一方、右脳にとっては感覚が全てです。情報はエネルギーのかたちをとって、全ての感覚システムから同時に一気に脳へと流れ込み、それが巨大なコラージュとなって意識に現れます。右脳の意識を通して見ると、私は、自分を取り巻く全てのエネルギーとつながった存在で、そこには明確な境界線はありません。

Exercise Plays Vital Role Maintaining Brain Health
Exercise Plays Vital Role Maintaining Brain Health / A Health Blog

左脳にダメージを受けた彼女は、自分の体の境界が分からなくなっていることに気づきます。
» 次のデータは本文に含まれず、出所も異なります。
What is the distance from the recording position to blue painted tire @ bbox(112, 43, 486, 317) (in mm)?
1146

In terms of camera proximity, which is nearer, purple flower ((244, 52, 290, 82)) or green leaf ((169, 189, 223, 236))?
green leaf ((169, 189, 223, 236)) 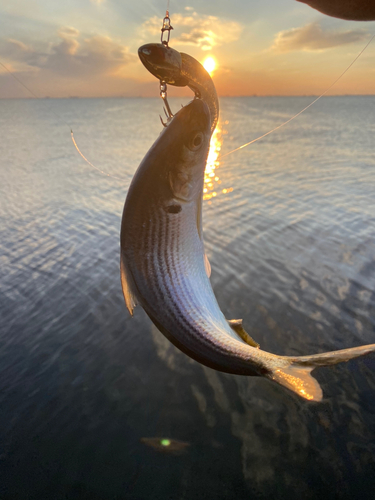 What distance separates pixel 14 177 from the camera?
1852 cm

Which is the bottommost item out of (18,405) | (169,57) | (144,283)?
(18,405)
自分がどこから始まり、どこで終わるのか、その境界が分からなくなったというのです。自分の体の分子が、壁の分子と交じり合って一緒になっているような感覚です。

やがて、左脳の機能が全停止し、全くの静寂が彼女を包み込みます。唯一感じ取れるのは、エネルギーだけ。彼女は最初は戸惑いますが、やがて周囲の大きなエネルギーに魅了されます。自分の体の境界が取り払われて、自分が大きく広がっていくように感じたのです。自分が全てのエネルギーと一体となるという素晴らしい感覚に貫かれます。(その魅惑的な空間を、彼女は「ラ・ラ・ランド(陶酔の世界)」と呼んでいます。)

時々、左脳の機能が少しだけ回復して、「大変だ、なんとかしなければ」と自分に訴えかけますが、すぐにまた、右脳だけの、平和で満ち足りた世界に浸りきります。それは過去のあらゆるストレスから開放される、素晴らしい世界なのです。その境地のことを、彼女は「ニルヴァーナ(涅槃、天国)」とも呼んでいます。

その後、彼女は無事病院に運ばれ回復へといたります。ニルヴァーナを経験した後では、「この大きくなった自分を、再び小さな体の中に押し込めるのは無理だろう」と思ったそうです。

ただ、「自分はニルヴァーナを見た」という紛れも無い事実が、彼女のその後の人生を支えるのです。世界は美しく、平安で、思いやりに満ちた愛する人で満たされている。そして、左脳から右脳へと歩み寄ることで、その世界は誰にでも実現可能なものとなる、彼女はそう確信します。

 

■坐禅によって美しい世界へ至る

禅における悟りの境地も、おそらくジル・ボルト・テイラーのいう「ラ・ラ・ランド」の世界に近いものだと思います。

Fall Retreat - Dedication.jpg
Fall Retreat – Dedication.jpg / Big Mind Zen Center

禅僧たちは、坐禅などの手段を通じて、「ラ・ラ・ランド」へと人為的に至ろうとするのです。つまり禅僧たちも、左脳から右脳へと歩み寄っているわけです。

そこは、美しく、平安で、思いやりに満ちた世界なのです。

以上、てつさらが、さらっと書きました。